▼

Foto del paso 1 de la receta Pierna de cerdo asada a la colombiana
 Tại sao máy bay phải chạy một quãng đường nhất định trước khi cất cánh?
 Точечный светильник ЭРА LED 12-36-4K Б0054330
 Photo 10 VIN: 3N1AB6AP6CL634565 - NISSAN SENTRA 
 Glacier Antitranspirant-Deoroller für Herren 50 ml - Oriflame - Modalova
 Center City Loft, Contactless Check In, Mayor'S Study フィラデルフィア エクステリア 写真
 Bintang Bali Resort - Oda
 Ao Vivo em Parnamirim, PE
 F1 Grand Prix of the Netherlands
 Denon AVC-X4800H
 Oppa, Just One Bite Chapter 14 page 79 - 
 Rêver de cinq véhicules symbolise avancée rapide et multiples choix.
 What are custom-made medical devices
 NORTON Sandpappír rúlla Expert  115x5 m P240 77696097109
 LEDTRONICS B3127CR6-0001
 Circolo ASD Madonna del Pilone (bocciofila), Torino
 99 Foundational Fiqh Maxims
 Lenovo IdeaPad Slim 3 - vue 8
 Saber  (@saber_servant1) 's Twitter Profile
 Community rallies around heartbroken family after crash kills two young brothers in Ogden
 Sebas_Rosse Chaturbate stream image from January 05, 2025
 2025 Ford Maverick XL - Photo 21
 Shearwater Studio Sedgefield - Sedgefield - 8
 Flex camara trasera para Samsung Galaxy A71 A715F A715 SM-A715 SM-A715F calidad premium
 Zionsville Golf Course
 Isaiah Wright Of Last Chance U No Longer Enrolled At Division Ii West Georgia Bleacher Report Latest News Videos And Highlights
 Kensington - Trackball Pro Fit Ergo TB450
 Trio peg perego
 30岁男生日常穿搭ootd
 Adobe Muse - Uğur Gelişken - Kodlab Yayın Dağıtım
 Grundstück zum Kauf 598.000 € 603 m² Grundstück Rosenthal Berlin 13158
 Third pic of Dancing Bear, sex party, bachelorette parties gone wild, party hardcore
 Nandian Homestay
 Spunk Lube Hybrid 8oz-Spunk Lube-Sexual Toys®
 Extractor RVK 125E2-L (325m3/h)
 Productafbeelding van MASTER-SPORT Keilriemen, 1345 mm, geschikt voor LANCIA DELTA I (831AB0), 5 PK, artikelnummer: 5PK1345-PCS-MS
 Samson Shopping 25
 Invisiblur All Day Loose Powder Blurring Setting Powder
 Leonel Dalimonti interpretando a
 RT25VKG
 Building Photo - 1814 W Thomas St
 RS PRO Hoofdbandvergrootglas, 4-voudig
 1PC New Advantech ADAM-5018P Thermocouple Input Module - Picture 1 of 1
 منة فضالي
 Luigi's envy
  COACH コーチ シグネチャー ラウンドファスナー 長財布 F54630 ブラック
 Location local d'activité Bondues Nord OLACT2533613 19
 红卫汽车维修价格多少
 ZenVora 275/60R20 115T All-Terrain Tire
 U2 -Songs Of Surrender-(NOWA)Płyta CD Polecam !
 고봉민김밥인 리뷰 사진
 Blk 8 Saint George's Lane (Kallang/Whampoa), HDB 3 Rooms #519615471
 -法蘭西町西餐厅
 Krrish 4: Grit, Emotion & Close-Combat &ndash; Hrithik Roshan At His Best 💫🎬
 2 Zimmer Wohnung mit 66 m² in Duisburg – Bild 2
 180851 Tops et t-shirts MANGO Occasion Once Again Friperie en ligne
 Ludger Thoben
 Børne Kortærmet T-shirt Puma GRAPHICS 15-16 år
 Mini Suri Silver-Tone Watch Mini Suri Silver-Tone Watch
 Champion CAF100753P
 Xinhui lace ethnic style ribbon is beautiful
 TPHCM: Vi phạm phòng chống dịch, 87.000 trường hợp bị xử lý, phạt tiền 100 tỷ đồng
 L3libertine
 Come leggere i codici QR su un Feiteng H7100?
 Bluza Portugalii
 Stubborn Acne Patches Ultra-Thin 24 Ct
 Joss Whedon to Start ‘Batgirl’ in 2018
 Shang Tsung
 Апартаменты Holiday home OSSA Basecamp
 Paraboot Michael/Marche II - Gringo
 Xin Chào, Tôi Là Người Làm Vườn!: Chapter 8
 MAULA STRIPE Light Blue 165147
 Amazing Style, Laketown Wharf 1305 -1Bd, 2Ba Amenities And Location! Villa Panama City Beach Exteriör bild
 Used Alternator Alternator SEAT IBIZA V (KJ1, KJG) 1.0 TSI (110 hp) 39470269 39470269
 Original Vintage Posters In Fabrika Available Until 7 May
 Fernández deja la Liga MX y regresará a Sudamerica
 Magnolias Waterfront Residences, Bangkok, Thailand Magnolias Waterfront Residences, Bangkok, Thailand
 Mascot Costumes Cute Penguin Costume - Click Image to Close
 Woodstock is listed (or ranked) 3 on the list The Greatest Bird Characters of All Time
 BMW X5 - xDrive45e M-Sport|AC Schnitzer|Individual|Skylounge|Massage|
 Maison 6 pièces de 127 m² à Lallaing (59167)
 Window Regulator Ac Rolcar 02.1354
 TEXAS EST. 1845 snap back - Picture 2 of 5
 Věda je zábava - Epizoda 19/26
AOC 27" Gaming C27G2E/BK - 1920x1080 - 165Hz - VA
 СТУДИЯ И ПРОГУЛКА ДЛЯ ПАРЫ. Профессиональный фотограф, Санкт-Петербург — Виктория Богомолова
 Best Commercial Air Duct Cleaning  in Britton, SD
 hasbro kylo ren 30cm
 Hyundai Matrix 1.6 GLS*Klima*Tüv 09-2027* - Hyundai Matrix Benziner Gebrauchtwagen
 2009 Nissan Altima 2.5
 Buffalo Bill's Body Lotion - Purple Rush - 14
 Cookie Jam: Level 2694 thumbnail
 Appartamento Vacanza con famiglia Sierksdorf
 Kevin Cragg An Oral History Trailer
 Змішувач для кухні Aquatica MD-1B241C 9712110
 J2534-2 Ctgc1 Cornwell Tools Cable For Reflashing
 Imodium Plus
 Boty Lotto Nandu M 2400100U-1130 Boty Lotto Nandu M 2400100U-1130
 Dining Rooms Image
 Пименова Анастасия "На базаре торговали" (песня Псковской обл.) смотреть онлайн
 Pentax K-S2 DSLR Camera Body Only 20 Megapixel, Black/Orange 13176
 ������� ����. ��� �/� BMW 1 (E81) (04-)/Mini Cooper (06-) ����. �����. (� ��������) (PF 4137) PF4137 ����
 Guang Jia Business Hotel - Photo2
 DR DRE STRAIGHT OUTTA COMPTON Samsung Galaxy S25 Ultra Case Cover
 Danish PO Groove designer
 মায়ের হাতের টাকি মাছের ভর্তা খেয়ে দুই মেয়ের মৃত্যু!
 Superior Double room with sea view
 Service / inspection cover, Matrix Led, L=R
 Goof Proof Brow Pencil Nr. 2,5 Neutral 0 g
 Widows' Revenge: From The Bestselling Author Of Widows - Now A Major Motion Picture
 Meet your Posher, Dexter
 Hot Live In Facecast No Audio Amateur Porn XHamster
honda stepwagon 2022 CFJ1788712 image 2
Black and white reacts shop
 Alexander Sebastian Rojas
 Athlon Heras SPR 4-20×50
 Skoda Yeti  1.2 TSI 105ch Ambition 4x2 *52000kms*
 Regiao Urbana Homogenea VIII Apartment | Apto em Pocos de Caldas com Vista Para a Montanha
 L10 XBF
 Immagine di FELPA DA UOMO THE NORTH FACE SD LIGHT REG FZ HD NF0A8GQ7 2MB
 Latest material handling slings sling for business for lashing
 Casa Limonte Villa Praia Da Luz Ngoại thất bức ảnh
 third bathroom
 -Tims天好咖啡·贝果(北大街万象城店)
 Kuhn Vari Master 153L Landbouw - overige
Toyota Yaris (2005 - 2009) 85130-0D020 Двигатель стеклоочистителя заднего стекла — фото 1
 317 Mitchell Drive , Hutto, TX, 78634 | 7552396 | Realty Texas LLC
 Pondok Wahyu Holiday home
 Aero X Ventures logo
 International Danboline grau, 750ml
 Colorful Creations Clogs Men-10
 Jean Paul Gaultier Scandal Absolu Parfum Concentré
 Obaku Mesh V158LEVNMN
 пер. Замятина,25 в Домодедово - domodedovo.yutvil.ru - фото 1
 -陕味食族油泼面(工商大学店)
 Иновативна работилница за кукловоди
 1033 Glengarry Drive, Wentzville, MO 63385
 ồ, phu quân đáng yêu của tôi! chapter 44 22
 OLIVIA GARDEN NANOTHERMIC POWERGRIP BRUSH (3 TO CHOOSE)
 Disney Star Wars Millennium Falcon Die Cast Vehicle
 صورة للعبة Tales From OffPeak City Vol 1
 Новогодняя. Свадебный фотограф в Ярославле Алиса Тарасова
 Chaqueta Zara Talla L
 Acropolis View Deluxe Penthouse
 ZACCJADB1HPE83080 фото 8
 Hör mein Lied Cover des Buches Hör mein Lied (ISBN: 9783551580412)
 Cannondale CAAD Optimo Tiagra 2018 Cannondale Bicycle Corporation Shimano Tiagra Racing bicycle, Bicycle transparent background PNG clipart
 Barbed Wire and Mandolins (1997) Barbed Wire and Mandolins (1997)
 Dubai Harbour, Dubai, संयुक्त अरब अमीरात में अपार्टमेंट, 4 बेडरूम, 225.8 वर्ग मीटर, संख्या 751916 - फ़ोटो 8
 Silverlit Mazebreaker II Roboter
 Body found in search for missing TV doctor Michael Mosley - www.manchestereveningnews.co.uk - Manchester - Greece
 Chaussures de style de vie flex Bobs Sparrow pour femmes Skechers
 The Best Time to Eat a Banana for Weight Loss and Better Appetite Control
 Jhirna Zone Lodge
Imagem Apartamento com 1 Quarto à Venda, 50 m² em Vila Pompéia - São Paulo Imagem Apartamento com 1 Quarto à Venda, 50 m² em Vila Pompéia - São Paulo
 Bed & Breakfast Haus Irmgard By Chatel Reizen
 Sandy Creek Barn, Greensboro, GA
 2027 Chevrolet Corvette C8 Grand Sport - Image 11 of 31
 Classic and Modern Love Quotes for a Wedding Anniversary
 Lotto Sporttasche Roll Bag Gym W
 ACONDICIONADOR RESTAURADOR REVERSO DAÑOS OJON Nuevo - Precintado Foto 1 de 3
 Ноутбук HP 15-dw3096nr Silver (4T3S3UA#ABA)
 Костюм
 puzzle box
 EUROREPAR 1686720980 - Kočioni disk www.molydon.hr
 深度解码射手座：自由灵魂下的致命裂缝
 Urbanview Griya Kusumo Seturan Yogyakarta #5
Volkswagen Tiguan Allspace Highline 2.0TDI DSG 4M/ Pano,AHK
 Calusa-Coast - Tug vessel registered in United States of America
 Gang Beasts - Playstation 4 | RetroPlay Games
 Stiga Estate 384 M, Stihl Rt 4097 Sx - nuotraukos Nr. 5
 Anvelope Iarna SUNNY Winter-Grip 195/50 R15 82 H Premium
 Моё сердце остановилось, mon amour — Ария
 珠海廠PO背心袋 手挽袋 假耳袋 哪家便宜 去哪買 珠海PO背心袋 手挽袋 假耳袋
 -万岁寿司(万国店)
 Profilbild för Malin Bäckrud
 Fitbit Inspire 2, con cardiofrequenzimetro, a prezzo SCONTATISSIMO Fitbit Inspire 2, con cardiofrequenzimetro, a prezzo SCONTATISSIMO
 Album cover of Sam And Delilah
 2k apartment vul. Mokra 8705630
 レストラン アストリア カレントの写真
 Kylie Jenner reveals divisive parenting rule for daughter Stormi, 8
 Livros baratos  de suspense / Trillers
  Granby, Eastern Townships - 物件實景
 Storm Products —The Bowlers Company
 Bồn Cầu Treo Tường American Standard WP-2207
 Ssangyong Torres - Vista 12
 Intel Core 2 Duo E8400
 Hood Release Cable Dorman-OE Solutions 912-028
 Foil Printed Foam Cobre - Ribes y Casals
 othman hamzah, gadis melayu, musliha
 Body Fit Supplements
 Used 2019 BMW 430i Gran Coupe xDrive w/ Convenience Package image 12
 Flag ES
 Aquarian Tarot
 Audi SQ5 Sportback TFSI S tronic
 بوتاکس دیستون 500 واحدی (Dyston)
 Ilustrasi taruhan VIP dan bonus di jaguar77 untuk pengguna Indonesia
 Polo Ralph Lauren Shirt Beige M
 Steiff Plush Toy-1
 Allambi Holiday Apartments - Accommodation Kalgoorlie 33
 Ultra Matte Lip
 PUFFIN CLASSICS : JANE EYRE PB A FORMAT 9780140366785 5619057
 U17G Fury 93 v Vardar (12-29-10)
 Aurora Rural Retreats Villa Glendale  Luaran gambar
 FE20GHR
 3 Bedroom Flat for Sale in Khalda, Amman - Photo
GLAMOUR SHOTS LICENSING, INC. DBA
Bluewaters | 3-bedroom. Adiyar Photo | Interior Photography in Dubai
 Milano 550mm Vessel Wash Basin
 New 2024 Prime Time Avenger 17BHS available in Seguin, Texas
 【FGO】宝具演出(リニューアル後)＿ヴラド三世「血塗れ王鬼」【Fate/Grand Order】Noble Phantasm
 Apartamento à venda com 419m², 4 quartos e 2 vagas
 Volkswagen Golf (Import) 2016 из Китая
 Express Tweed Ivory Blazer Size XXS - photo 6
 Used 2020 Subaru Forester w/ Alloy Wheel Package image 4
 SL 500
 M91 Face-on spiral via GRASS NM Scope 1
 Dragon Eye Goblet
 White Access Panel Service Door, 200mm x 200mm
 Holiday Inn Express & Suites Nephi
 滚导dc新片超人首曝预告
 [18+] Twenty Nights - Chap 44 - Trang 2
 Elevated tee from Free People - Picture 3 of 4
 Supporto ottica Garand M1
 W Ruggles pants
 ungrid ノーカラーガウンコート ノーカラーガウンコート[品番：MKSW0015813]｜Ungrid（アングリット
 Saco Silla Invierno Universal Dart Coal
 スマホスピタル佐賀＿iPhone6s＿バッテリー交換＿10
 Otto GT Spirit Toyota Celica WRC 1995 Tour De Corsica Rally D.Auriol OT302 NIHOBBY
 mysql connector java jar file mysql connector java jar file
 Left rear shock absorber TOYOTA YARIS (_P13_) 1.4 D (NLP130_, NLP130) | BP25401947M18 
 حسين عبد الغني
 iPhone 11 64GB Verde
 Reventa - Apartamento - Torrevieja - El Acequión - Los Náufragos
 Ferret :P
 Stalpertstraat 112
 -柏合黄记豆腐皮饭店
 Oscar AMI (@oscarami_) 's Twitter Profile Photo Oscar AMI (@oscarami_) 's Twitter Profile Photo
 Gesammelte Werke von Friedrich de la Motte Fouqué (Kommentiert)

▲

TASK: Make a list of all lines in the data that contain "Michael".

PROBLEM SOLUTION:
 Paraboot Michael/Marche II - Gringo
 Body found in search for missing TV doctor Michael Mosley - www.manchestereveningnews.co.uk - Manchester - Greece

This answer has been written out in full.